While we can find many differences between the programs put forward by Clinton and Trump, more unites the candidates than divides them. Each are members of the ultra-rich elite (Clinton famously attended Trump’s 2005 wedding and Trump donated over $100,000 to the Clinton Foundation). Both supported the war in Iraq (though Trump now denies it), the war in Afghanistan, and the ongoing “war on ISIS” across the Middle East—wars that have killed at least hundreds of thousands in the past decade and a half. Both cheer Israel’s brutal and colonial occupation of Palestine. Both support the model of free trade — much has been made of Trump’s criticism of NAFTA, but we should remember his comments in the most recent debate that there would be “more free trade deals” under his presidency, so long as they were re-negotiated to be more favorable to American, rather than foreign, businesses.

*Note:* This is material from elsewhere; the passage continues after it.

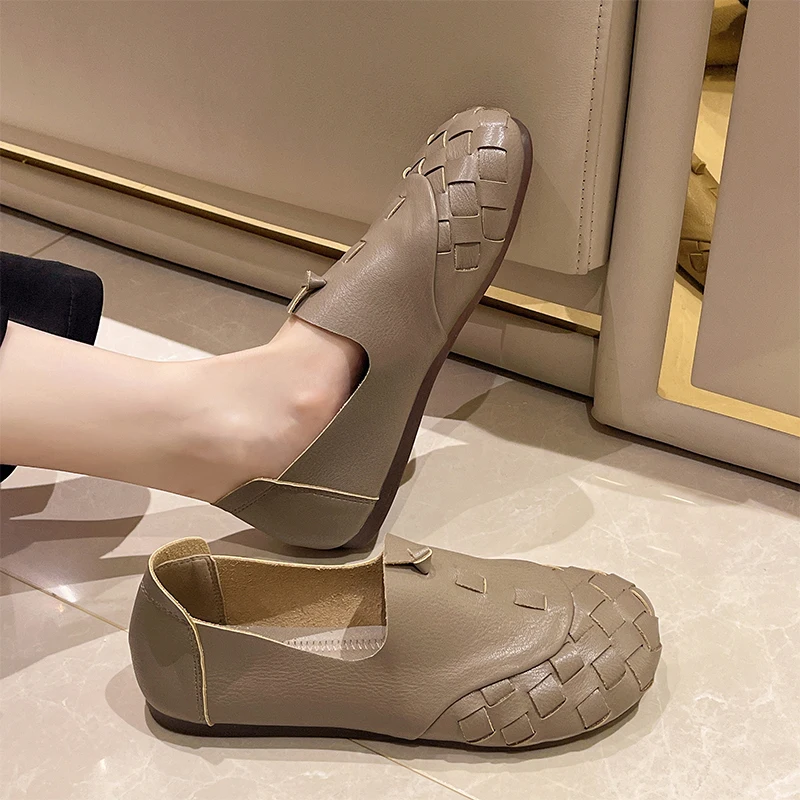 

Женские туфли в стиле ретро, повседневные кроссовки на плоской подошве, круглый носок, без застежки, универсальные, мягкие, под платье, без з...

Given the relatively high support for third party candidacies this year, we must also point out that we cannot support the candidacies of Green Party candidate Jill Stein and Libertarian Gary Johnson. Johnson, who advocates expanding charter schools, cutting environmental regulations, and slashing taxes for the rich is simply another Republican free-market purist in the mold of Rand Paul. Stein’s candidacy has captured support from a significant portion of the left, along with many Sanders voters who, rightly, could not stomach voting for Clinton. We are encouraged that many thousands of youth are turning away from the Democrats and seeking an alternative. However, the Green Party’s vision of an eco-friendly capitalism offers no way out of the current crisis. Nor has the campaign shown itself to be particularly dynamic—unable to connect to, express and strengthen the most dynamic movements in the US right now, Black Lives Matter and the Native American struggle against the North Dakota Access Pipeline. These two candidates cannot and do not represent the rage against racism and questioning of the capitalist system by large sectors of Americans, and especially young people.

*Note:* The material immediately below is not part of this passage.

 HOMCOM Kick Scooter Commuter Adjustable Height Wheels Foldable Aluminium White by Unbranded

The great American socialist, Eugene Debs, who won 6 percent of the popular vote as a presidential candidate in 1912, described the two-party system best: The worker has “no choice between these two capitalist parties, that they are both pledged to the same system and that whether the one or the other succeeds, he [sic] will still remain the wage-working slave he is today.”
What is needed to confront the current crisis, and with it, the misery, endless wars and environmental disaster, is not the lesser of two evils, but a working class party that challenges the capitalists for power. Neither Trump nor Clinton offer us any hope. To win the world we want, we must mobilize workers, youth, women, and oppressed people, we must organize a political alternative, and we must declare unequivocally: Not With Them.